WHAT IS EXPECTED :: Which lines run from the start of the material below through the line containing "Brass Compass Hourglass"? Retype them exactly, pictures excluded.
^^^^
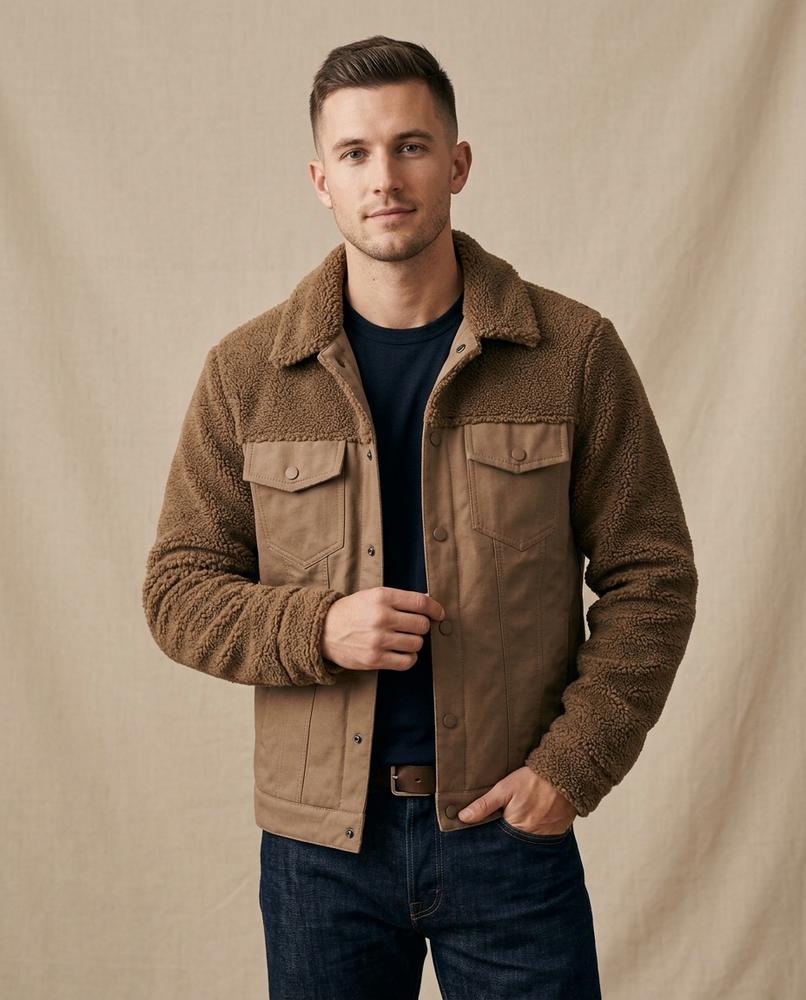 Lands Fashion - Zelan | Lined Sherpa-Trimmed Jacket Men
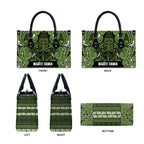 Aotearoa Iwi Ngāti Tama ki Taranaki Trust Leather Bag Maori Wharenui House Tribal Pattern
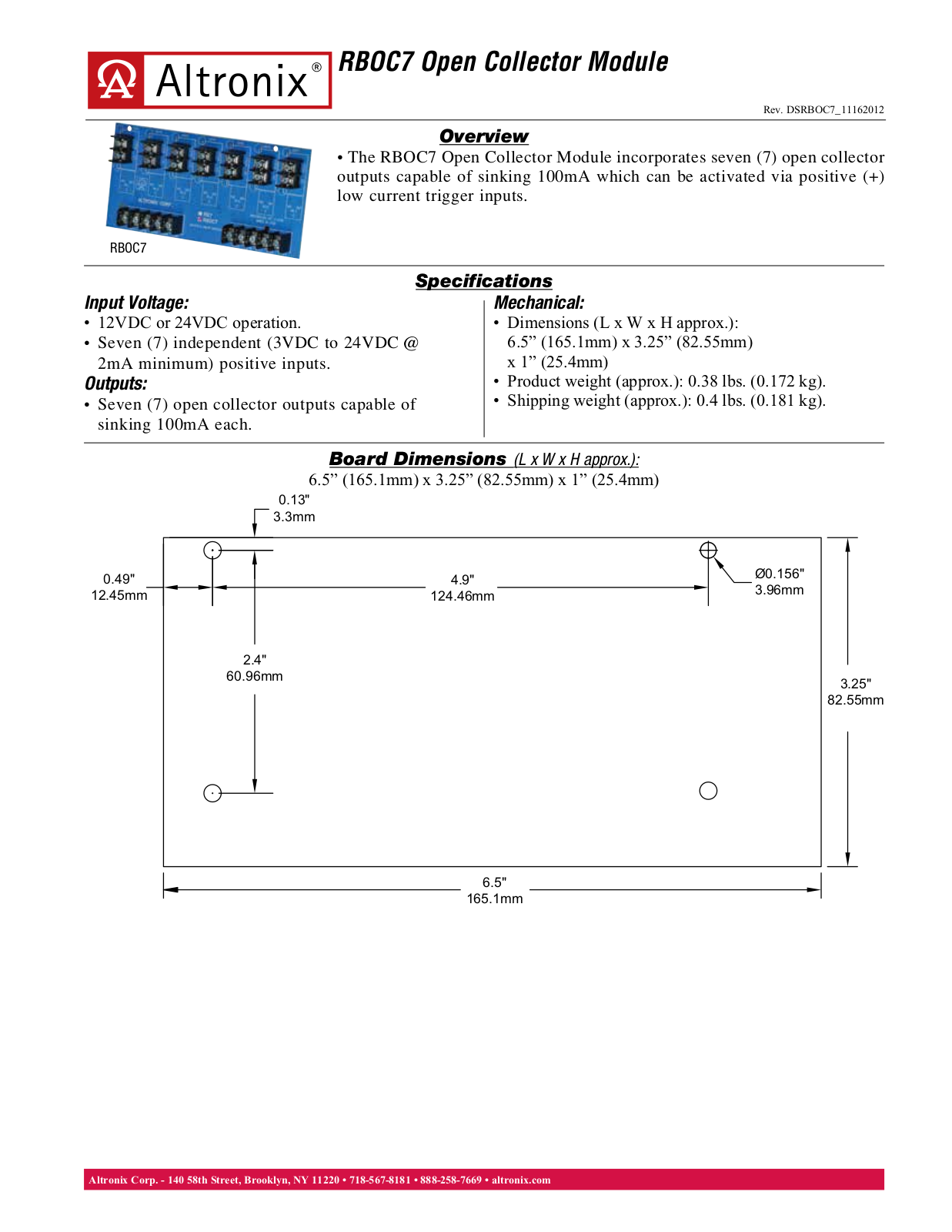 Altronix RBOC7 Data Sheet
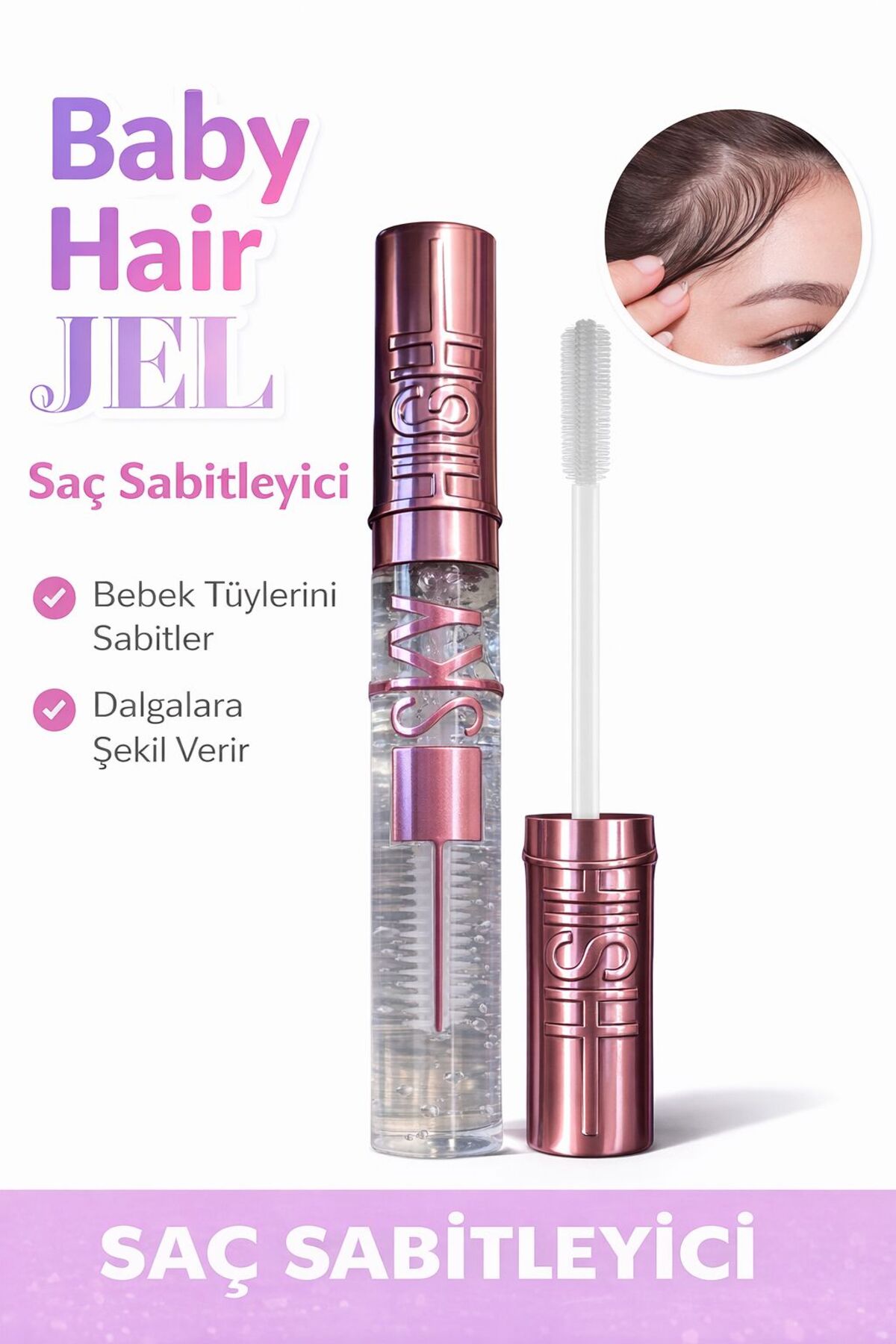 NUNUKO Baby Hair Jel Saç Sabileyici-Bebek Saçlarını Sabitleyen Wax Maskara (YAPIŞKANLIK YAPMAZ)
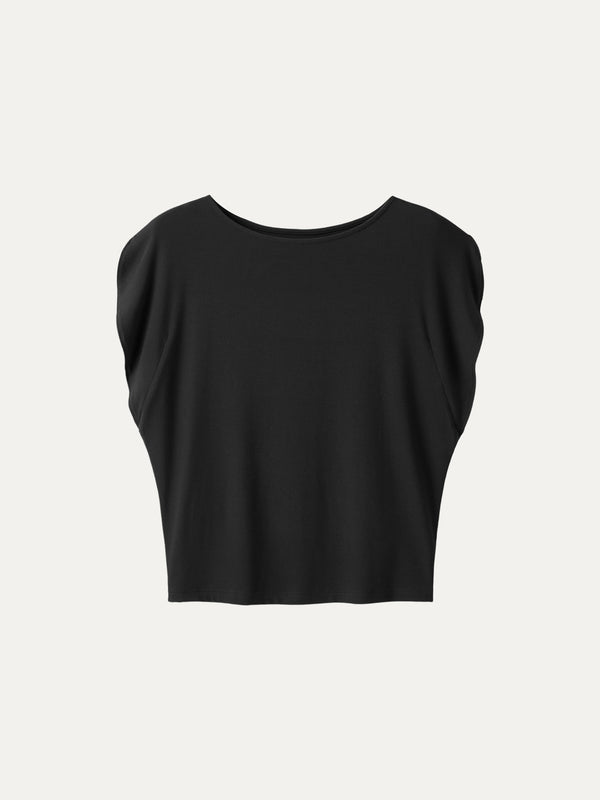 Ultrasoft Boatneck Wide Shoulder Tee Black XS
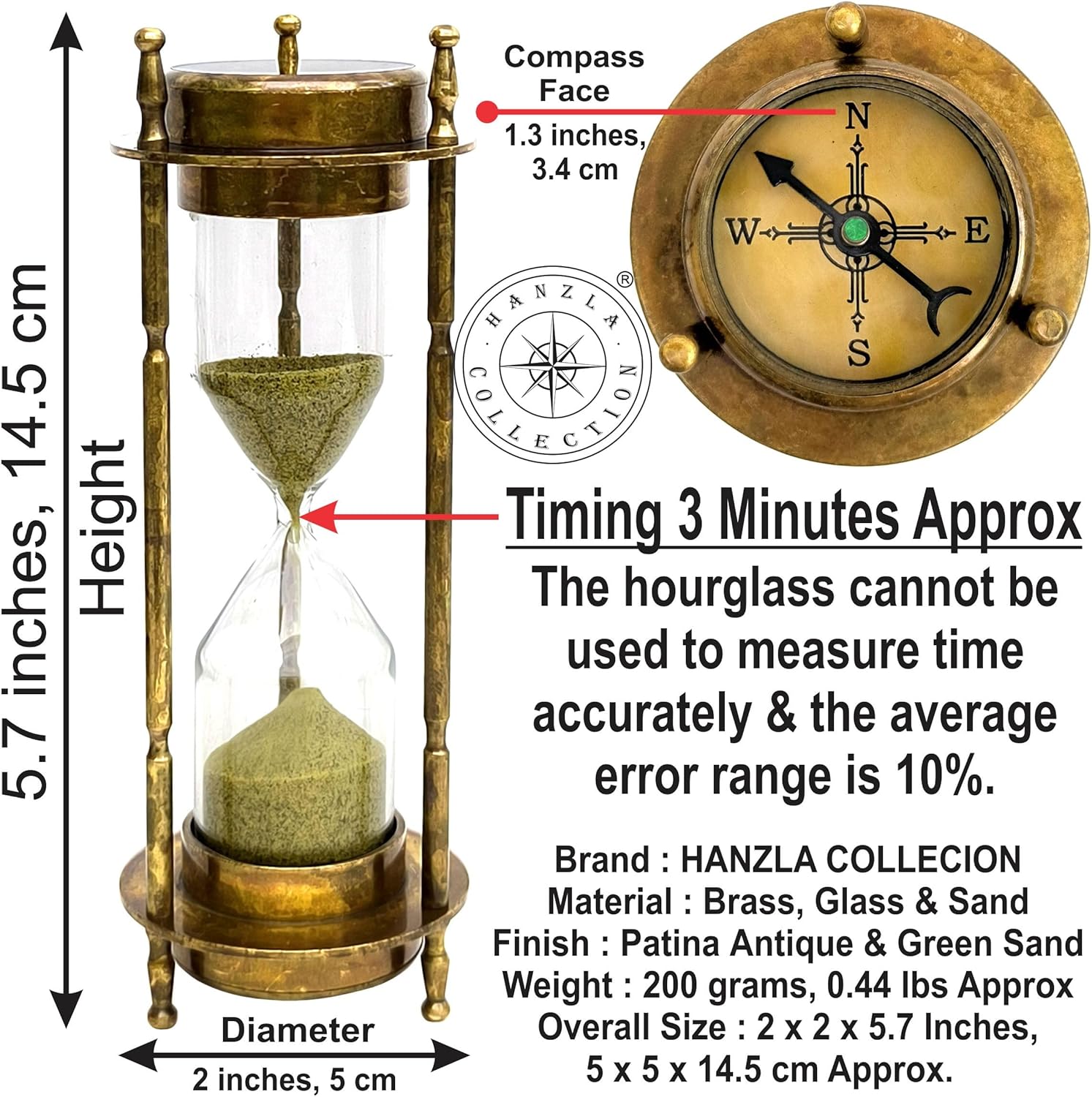 Brass Compass Hourglass with Jute Case Nautical Maritime Sand Timer Vintage Hour Glass Metal Sand Watch Sand Clock Decorative Sandglass for Gift & Home Office Desk Decor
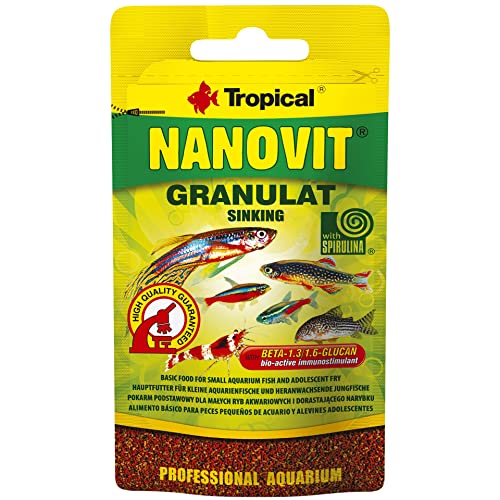 Tropisches Fischfutter, Nanovit Granulat, Grundfutter für kleine Aquariumfische und entzückende Frittiere, Beutel 10 g (1 Stück) von Tropical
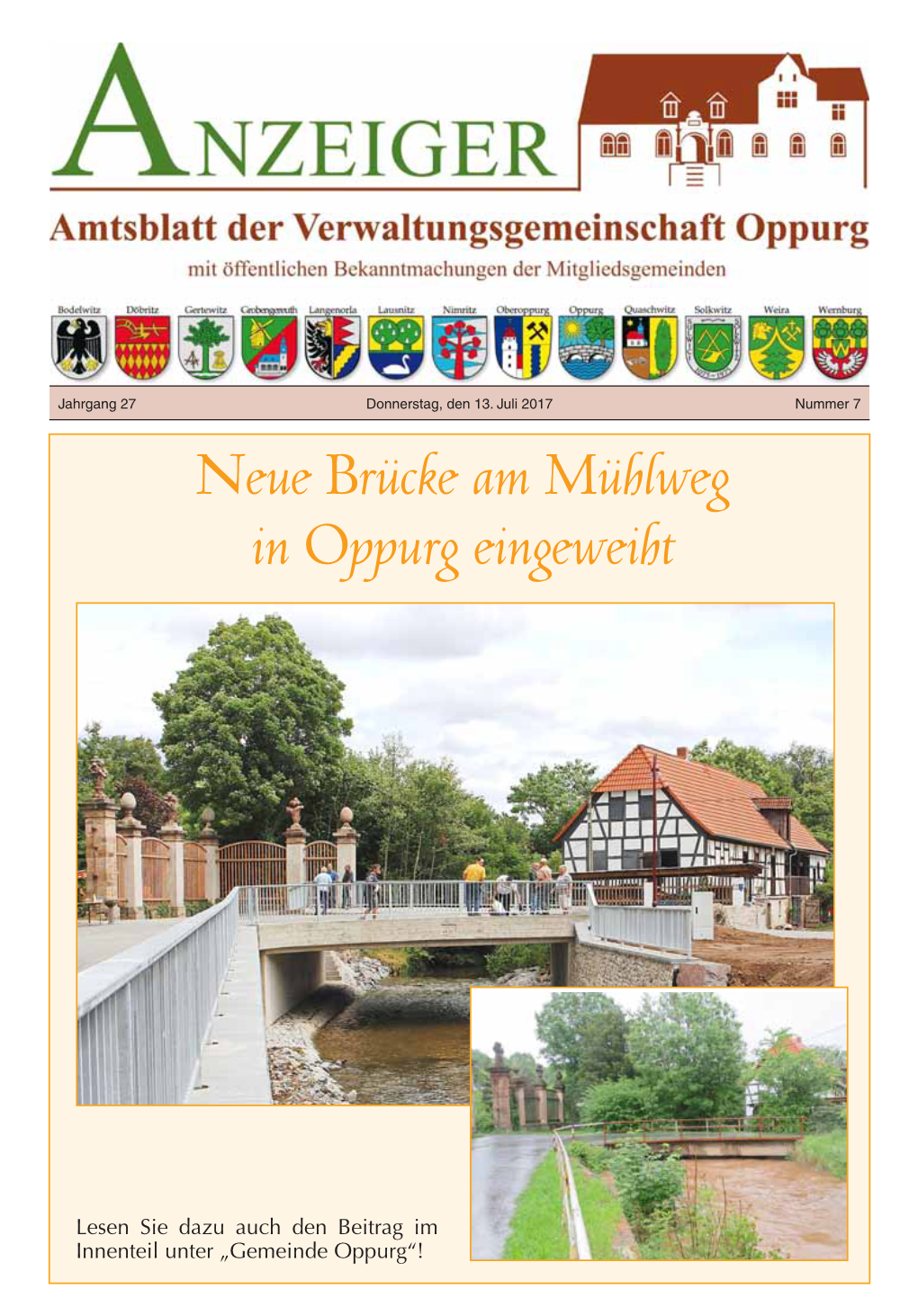 Neue Brücke Am Mühlweg in Oppurg Eingeweiht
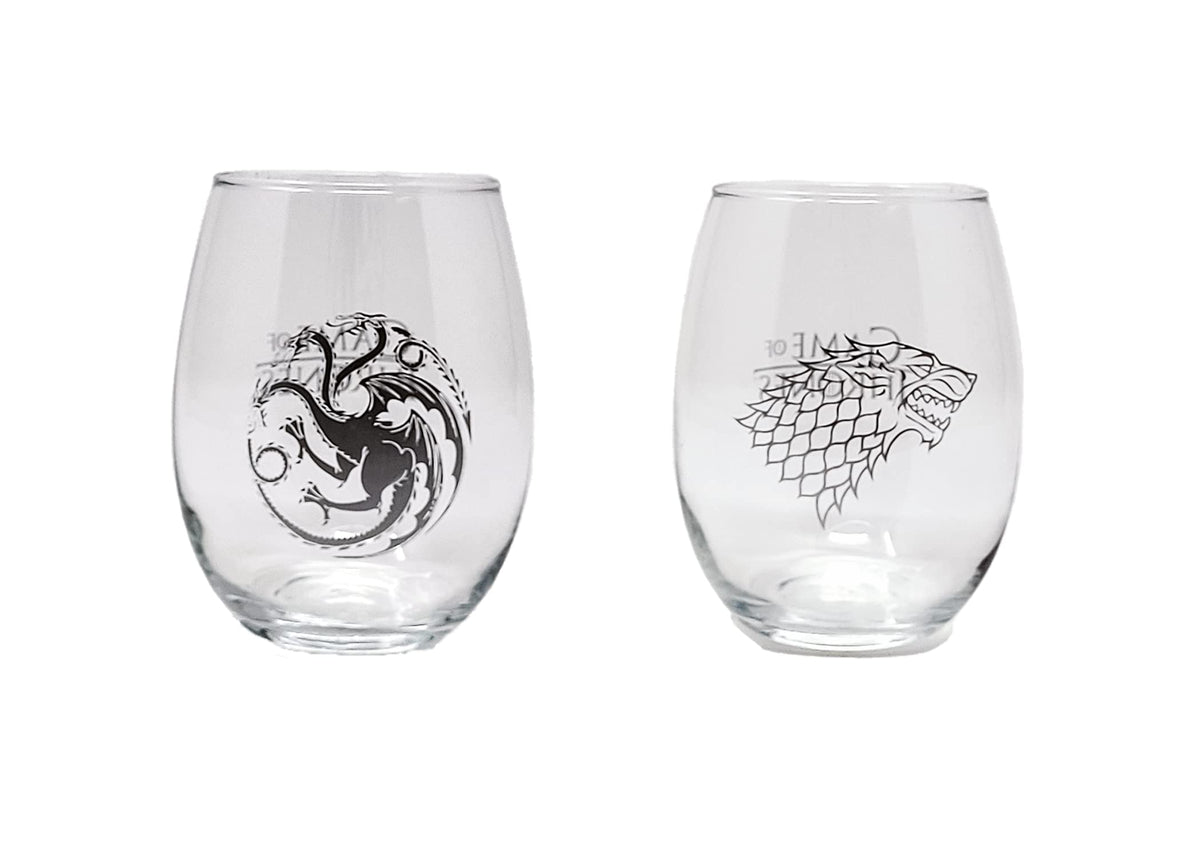 Game of Thrones Stark sigil wine glass with a sturdy stemless design for everyday sipping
^^^^
ANSWER TO THIS PROBLEM ::
 Lands Fashion - Zelan | Lined Sherpa-Trimmed Jacket Men
 Aotearoa Iwi Ngāti Tama ki Taranaki Trust Leather Bag Maori Wharenui House Tribal Pattern
 Altronix RBOC7 Data Sheet
 NUNUKO Baby Hair Jel Saç Sabileyici-Bebek Saçlarını Sabitleyen Wax Maskara (YAPIŞKANLIK YAPMAZ)
 Ultrasoft Boatneck Wide Shoulder Tee Black XS
 Brass Compass Hourglass with Jute Case Nautical Maritime Sand Timer Vintage Hour Glass Metal Sand Watch Sand Clock Decorative Sandglass for Gift & Home Office Desk Decor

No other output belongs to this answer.